Multicopter PID Tuning Guide

This tutorial explains how to tune the PID loops on PX4 for all multi rotor setups (Quads, Hexa, Octo etc).

Tuning is required when creating a new airframe type or significantly modifying an existing supported frame. Generally if you're using a supported configuration (e.g. using an airframe in QGroundControl > Airframe) the default tuning should be acceptable (particularly for larger frames).

This guide is for advanced users/experts. Un- or partially- tuned vehicles are likely to be unstable, and easy to crash.

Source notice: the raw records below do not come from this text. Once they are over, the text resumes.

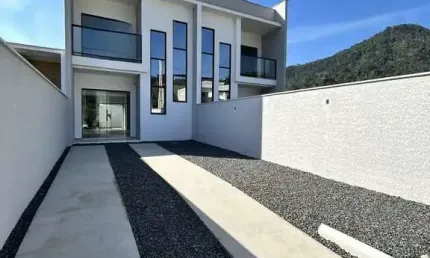 Casa Geminada para Venda - Jaraguá 84, Jaraguá do Sul - 2 vagas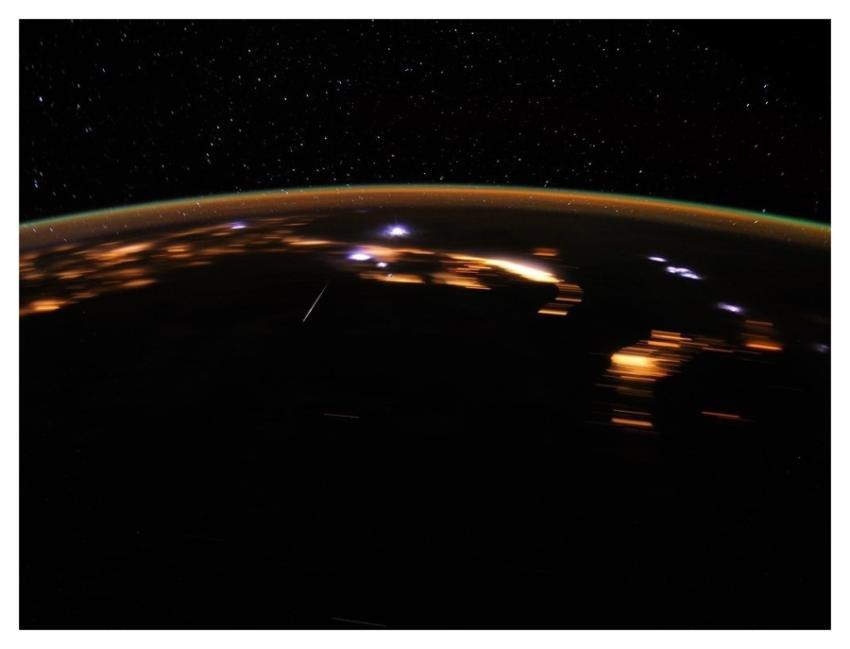 Stunning Lyrids Over Earth at Night (NASA, Interna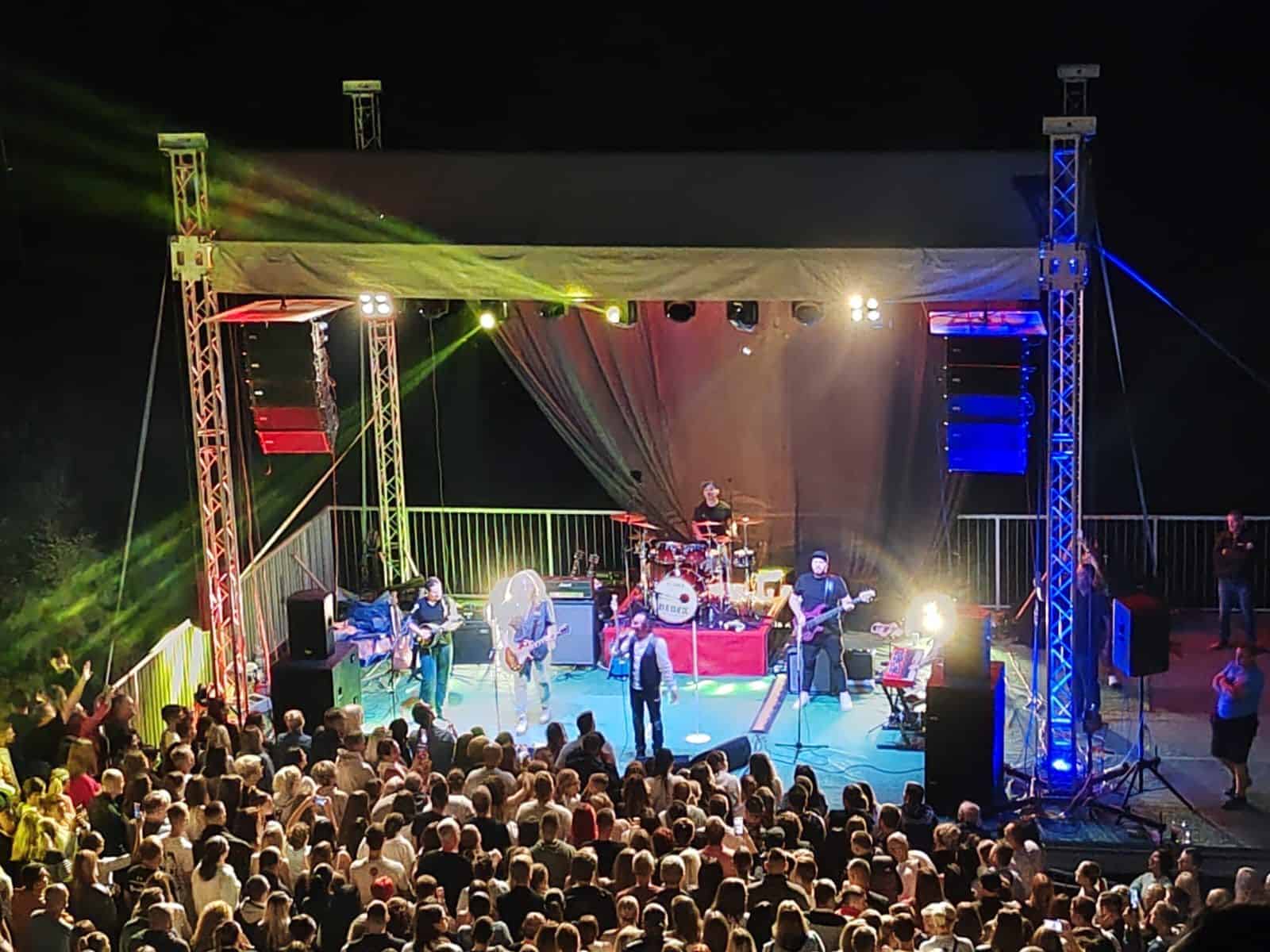 Bebek trijumfirao na koncertu u Jajcu: „Ovo je najljepše mjesto na svijetu!“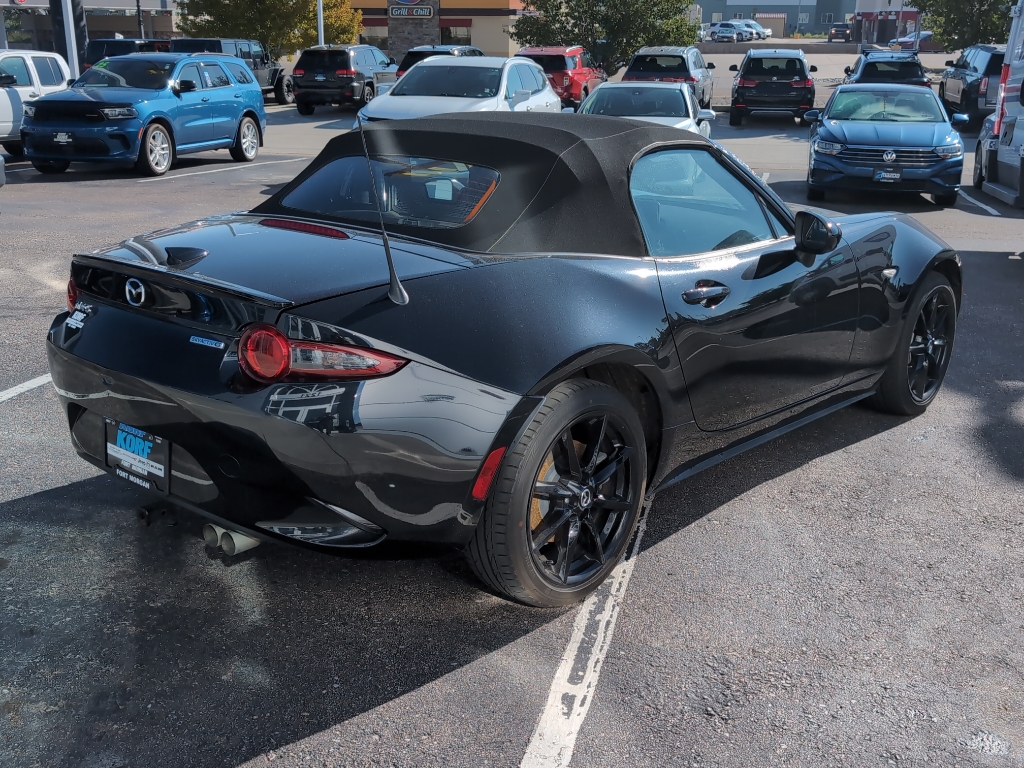2021 Mazda MX-5 Miata Miata photo 4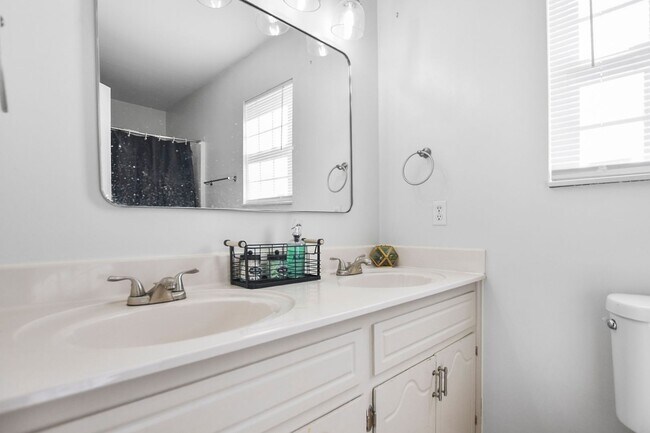 Building Photo - Pet Friendly Three Bedroom!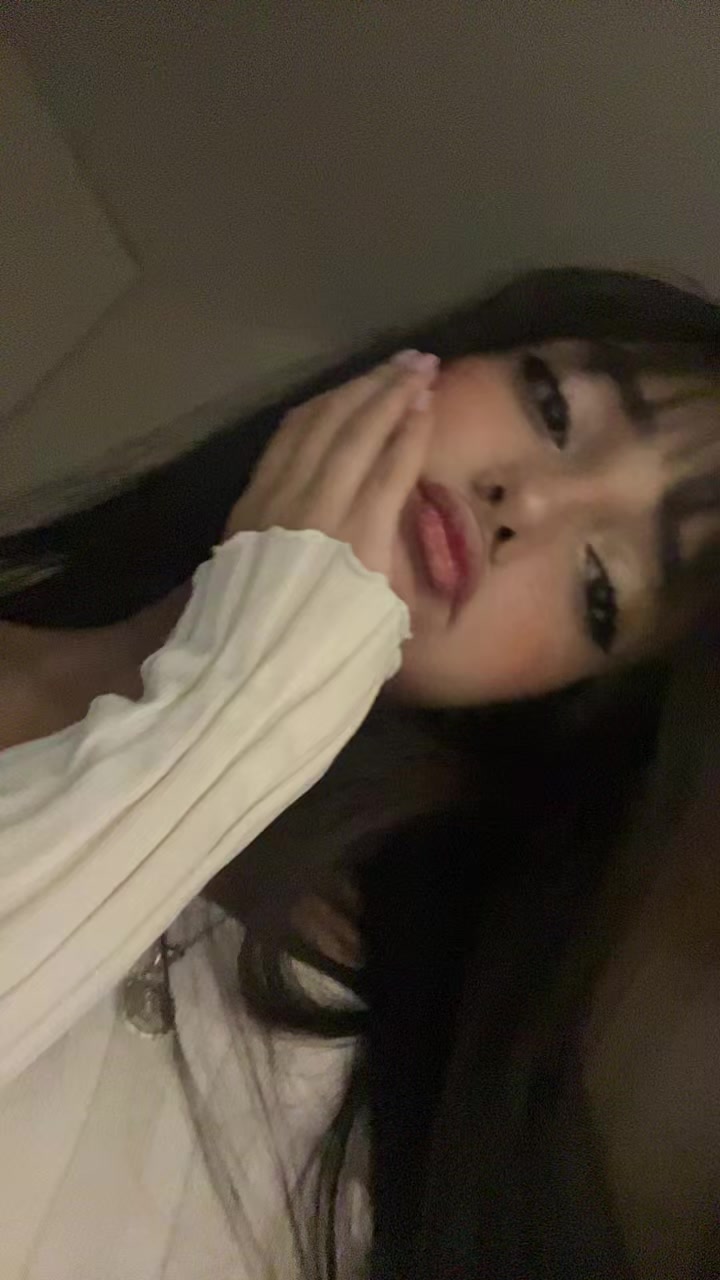 @🐚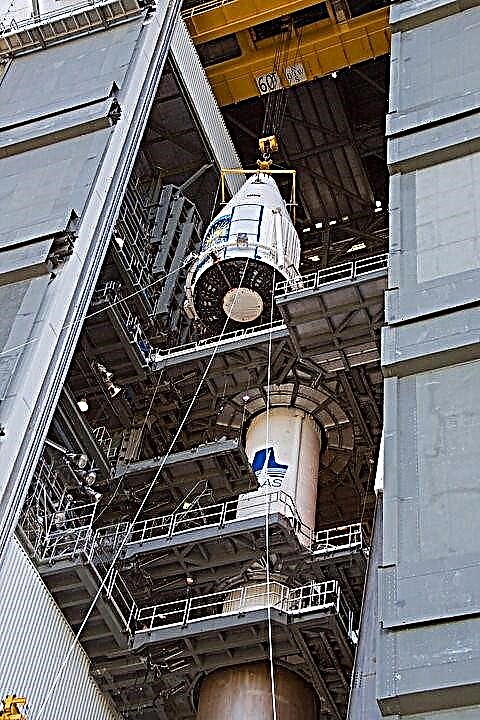 НАСАС Слънчева коронна бижутерия Болтове на върха на ракета Atlas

The most important parameters are covered in this guide. Other parameters are documented in the Parameter Reference.

Introduction

Proportional, Integral, Derivative controllers are the most widespread control technique. There are substantially better performing control techniques (LQR/LQG) from the model predictive control (MPC), but since these techniques require a more or less accurate model of the system, they not as widely used. The goal of all PX4 control infrastructure is to move as soon as possible on MPC, but since not all supported systems models are available, PID tuning is very relevant (and PID control is sufficient for many cases).

Precondition

The PID-Gains should be chosen such that tracking is as tight as possible. Before doing any position/velocity control related tuning, turn off all higher-level tuning.

• MPC_ACC_HOR_MAX: 1000
• MPC_ACC_HOR : 1000
• MPC_DEC_HOR_SLOW : 1000
• MPC_ACC_UP_MAX : 1000
• MPC_ACC_DOWN_MAX : 1000
• MPC_JERK_MAX : 0
• MPC_JERK_MIN : 1

PID Controller Overview

The PX4 multirotor_att_control app executes an outer loop of orientation controller, controlled by parameters:

• Roll control (MC_ROLL_P)
• Pitch control (MC_PITCH_P
• Yaw control (MC_YAW_P)

And an inner loop with three independent PID controllers to control the attitude rates:

• Roll rate control (MC_ROLLRATE_P, MC_ROLLRATE_I, MC_ROLLRATE_D)
• Pitch rate control (MC_PITCHRATE_P, MC_PITCHRATE_I, MC_PITCHRATE_D)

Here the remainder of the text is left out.